Previous to this Elijah has asked to die. He’s defeated the pagan gods of Baal and Jezebel has sworn to kill him. As confident as he was in God in one moment, now he feels lost and alone and abandoned in the next – isn’t that so human??? Essentially God says to him standing at the entrance to that cave out of the silence that Elijah’s life isn’t going to be the same, that he is to go and anoint two different kings AND to anoint Elisha as “prophet in your place.” Push the button three times with a two second delay in between, stand on your right leg, and know when it’s time to change, to transform, to listen in a new way, and to receive your faith in a method that is unexpected and new, and maybe even to head down a different path toward a destination you hadn’t before dreamed.
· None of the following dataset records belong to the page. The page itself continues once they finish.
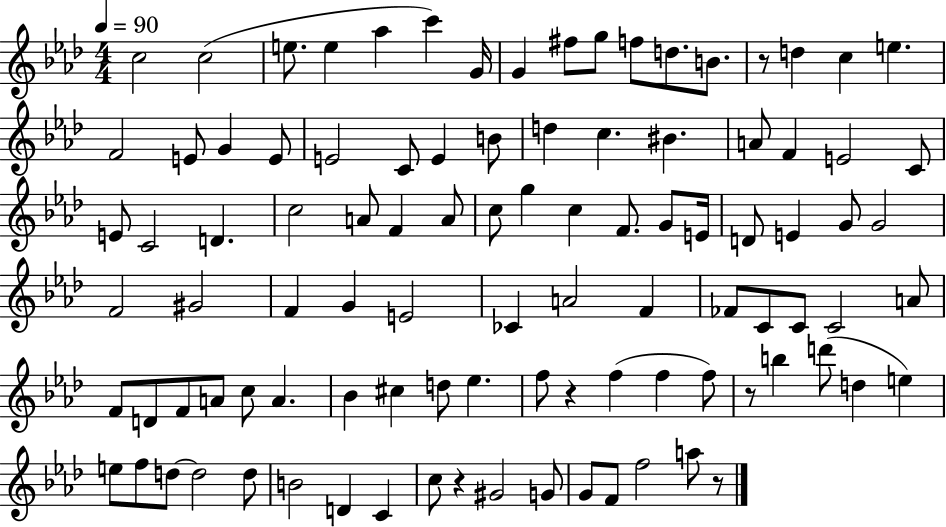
{
  \clef treble
  \numericTimeSignature
  \time 4/4
  \key aes \major
  \tempo 4 = 90
  c''2 c''2( | e''8. e''4 aes''4 c'''4) g'16 | g'4 fis''8 g''8 f''8 d''8. b'8. | r8 d''4 c''4 e''4. | \break f'2 e'8 g'4 e'8 | e'2 c'8 e'4 b'8 | d''4 c''4. bis'4. | a'8 f'4 e'2 c'8 | \break e'8 c'2 d'4. | c''2 a'8 f'4 a'8 | c''8 g''4 c''4 f'8. g'8 e'16 | d'8 e'4 g'8 g'2 | \break f'2 gis'2 | f'4 g'4 e'2 | ces'4 a'2 f'4 | fes'8 c'8 c'8 c'2 a'8 | \break f'8 d'8 f'8 a'8 c''8 a'4. | bes'4 cis''4 d''8 ees''4. | f''8 r4 f''4( f''4 f''8) | r8 b''4 d'''8( d''4 e''4) | \break e''8 f''8 d''8~~ d''2 d''8 | b'2 d'4 c'4 | c''8 r4 gis'2 g'8 | g'8 f'8 f''2 a''8 r8 | \break \bar "|."
}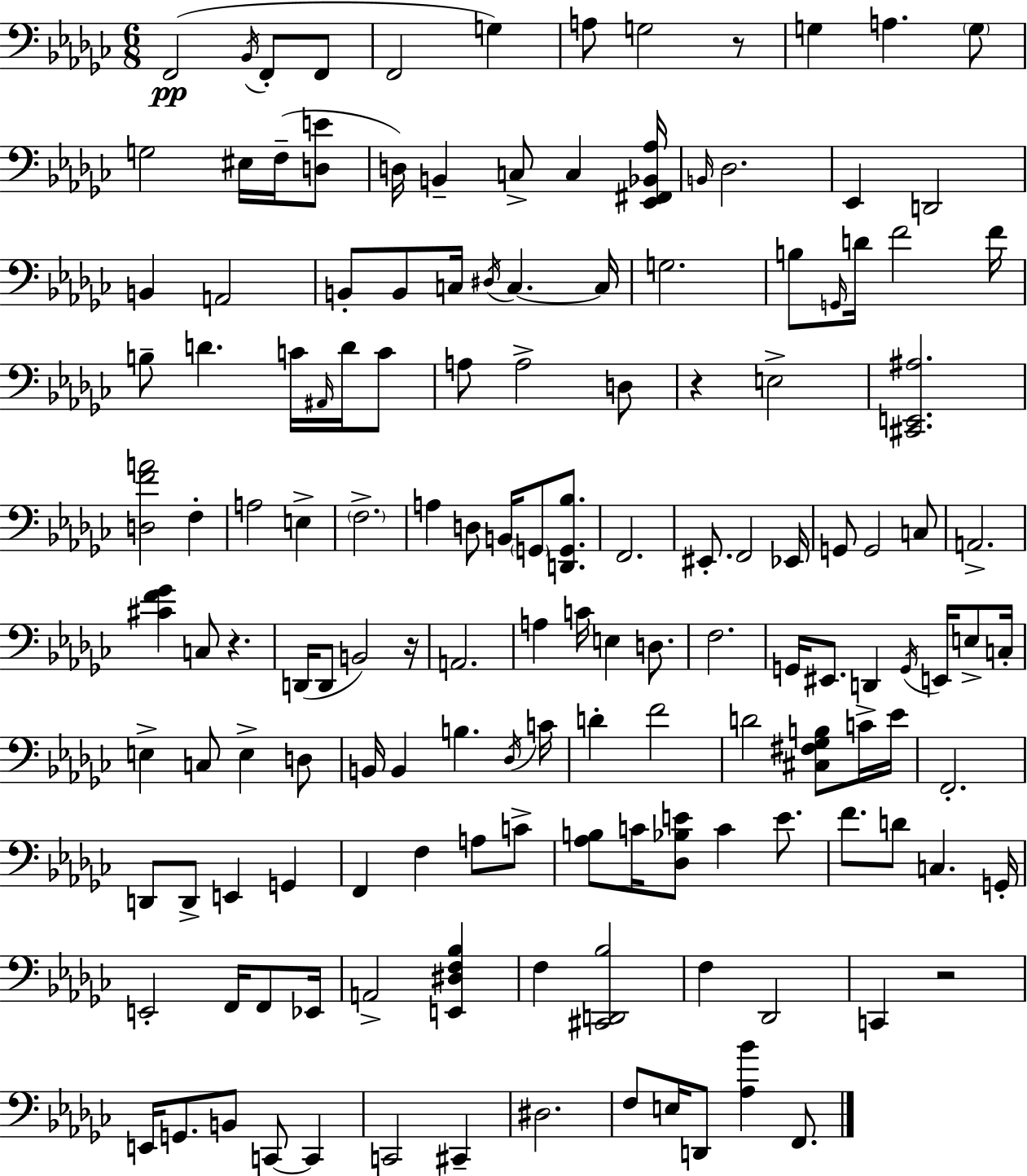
F2/h Bb2/s F2/e F2/e F2/h G3/q A3/e G3/h R/e G3/q A3/q. G3/e G3/h EIS3/s F3/s [D3,E4]/e D3/s B2/q C3/e C3/q [Eb2,F#2,Bb2,Ab3]/s B2/s Db3/h. Eb2/q D2/h B2/q A2/h B2/e B2/e C3/s D#3/s C3/q. C3/s G3/h. B3/e G2/s D4/s F4/h F4/s B3/e D4/q. C4/s A#2/s D4/s C4/e A3/e A3/h D3/e R/q E3/h [C#2,E2,A#3]/h. [D3,F4,A4]/h F3/q A3/h E3/q F3/h. A3/q D3/e B2/s G2/e [D2,G2,Bb3]/e. F2/h. EIS2/e. F2/h Eb2/s G2/e G2/h C3/e A2/h. [C#4,F4,Gb4]/q C3/e R/q. D2/s D2/e B2/h R/s A2/h. A3/q C4/s E3/q D3/e. F3/h. G2/s EIS2/e. D2/q G2/s E2/s E3/e C3/s E3/q C3/e E3/q D3/e B2/s B2/q B3/q. Db3/s C4/s D4/q F4/h D4/h [C#3,F#3,Gb3,B3]/e C4/s Eb4/s F2/h. D2/e D2/e E2/q G2/q F2/q F3/q A3/e C4/e [Ab3,B3]/e C4/s [Db3,Bb3,E4]/e C4/q E4/e. F4/e. D4/e C3/q. G2/s E2/h F2/s F2/e Eb2/s A2/h [E2,D#3,F3,Bb3]/q F3/q [C#2,D2,Bb3]/h F3/q Db2/h C2/q R/h E2/s G2/e. B2/e C2/e C2/q C2/h C#2/q D#3/h. F3/e E3/s D2/e [Ab3,Bb4]/q F2/e.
I believe that’s where we are as we continue making our way out of this pandemic. There are no clear answers, but sitting and doing nothing isn’t an option either. Perhaps it’s time we listened to God speak through our souls in new and different ways . . . to change, move, get some fresh air, take a nap, laugh a little, cry a little, maybe even shriek or pierce the air a little to get some of the frustration and grief and anguish released from our internal systems of what this last year going on two has done to us. And then be open to . . . change. To get up and move in faith – trusting that whether we feel it or not, God is walking beside us, offering gentle direction, and blessing the path before us as we continue to build the road while we’re walking on it whether it looks in any way familiar, or not.